Make sure the PowerLab is connected and turned on.

Connect the cardio microphone to Input 1 on the PowerLab. You will use it later in the lab.

Connect the finger pulse transducer cable to Input 2 on the PowerLab. You will use this later in the lab.

Plug the Bio Amp cable into the Bio Amp connector on the PowerLab.

Connect the electrode cables to Earth, CH1 NEG, and CH1 POS on the Bio Amp cable.

Electrode placement

Remove any jewelry from the volunteer's wrists and ankles.

Use a pen to mark a small cross where each electrode will be placed on the volunteer's right and left wrists, and right leg. Lightly abrade the skin with abrasive gel, and clean the area with alcohol swabs.

Snap the electrode cables onto some disposable ECG electrodes.

Attach the disposable electrodes to the prepared areas on the volunteer's wrists and leg:

Place the positive electrode on the left wrist.
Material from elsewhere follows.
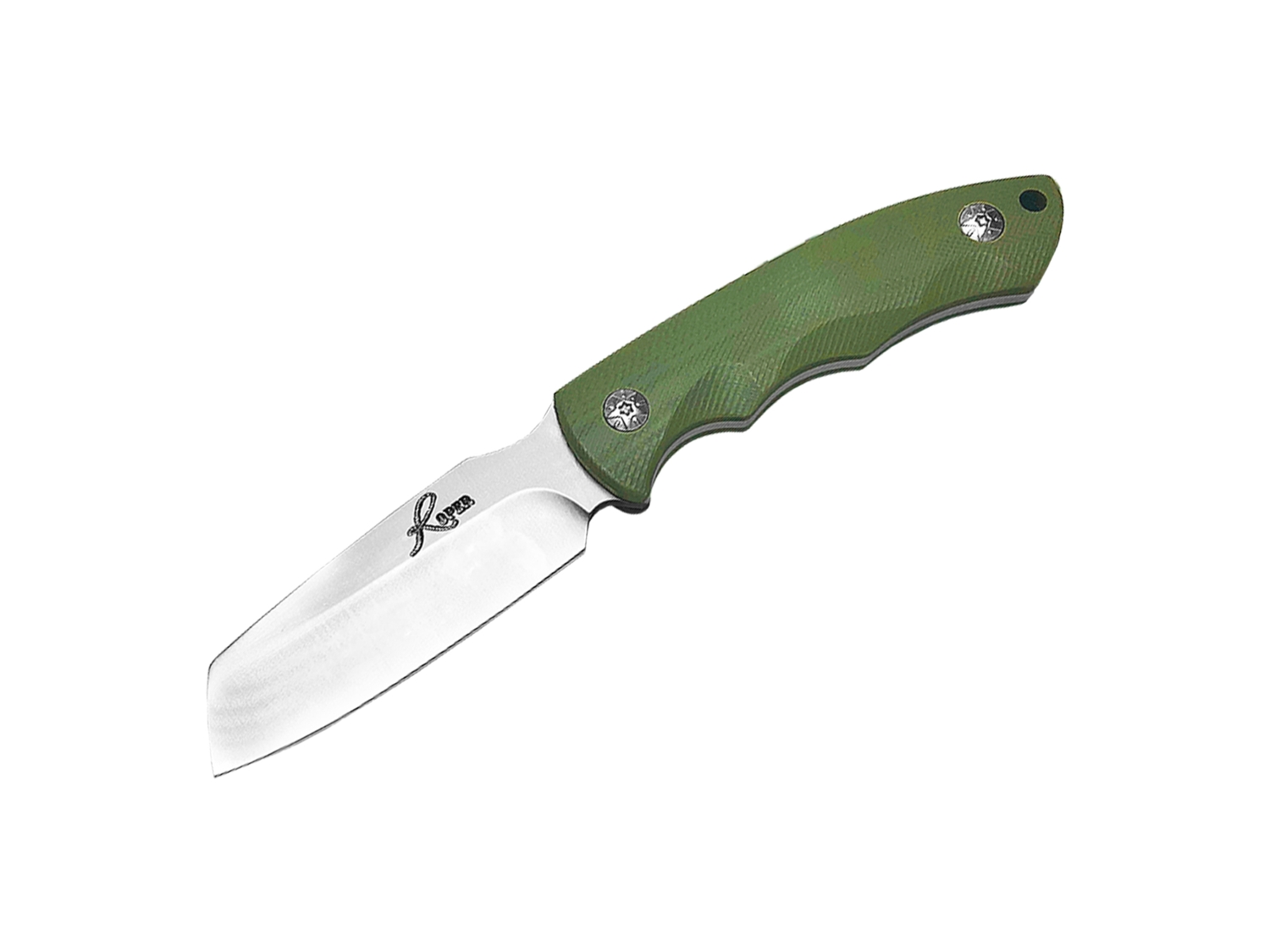 ABKT Razor Fixed Blade, Green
Place the negative electrode on the right wrist.

Place the ground electrode on the right leg.

Ask the the volunteer to relax and not move. This will minimize signal artifacts due to movement.

Select Start to record.

Enter the volunteer's name into the Comment panel, and select Add.

Use the Auto Scale or compression buttons to ensure that you can see the data as it is being recorded.

If the ECG cannot be seen, check that all the electrodes are correctly attached. If the signal is noisy and indistinct, make sure that the volunteer is relaxed. Consider using the alternative attachment positions.

Select Stop.

Select Start.

Ask the volunteer to open and close his or her hands, and then move both arms across the chest. Enter "ECG artifact" into the Comment panel, and select Add.

Select Stop.

Ask the volunteer to sit quietly then select Start.

Enter "resting ECG" into the Comment panel. When you have a signal without movement artifacts, select Add to enter the comment.

Select Stop.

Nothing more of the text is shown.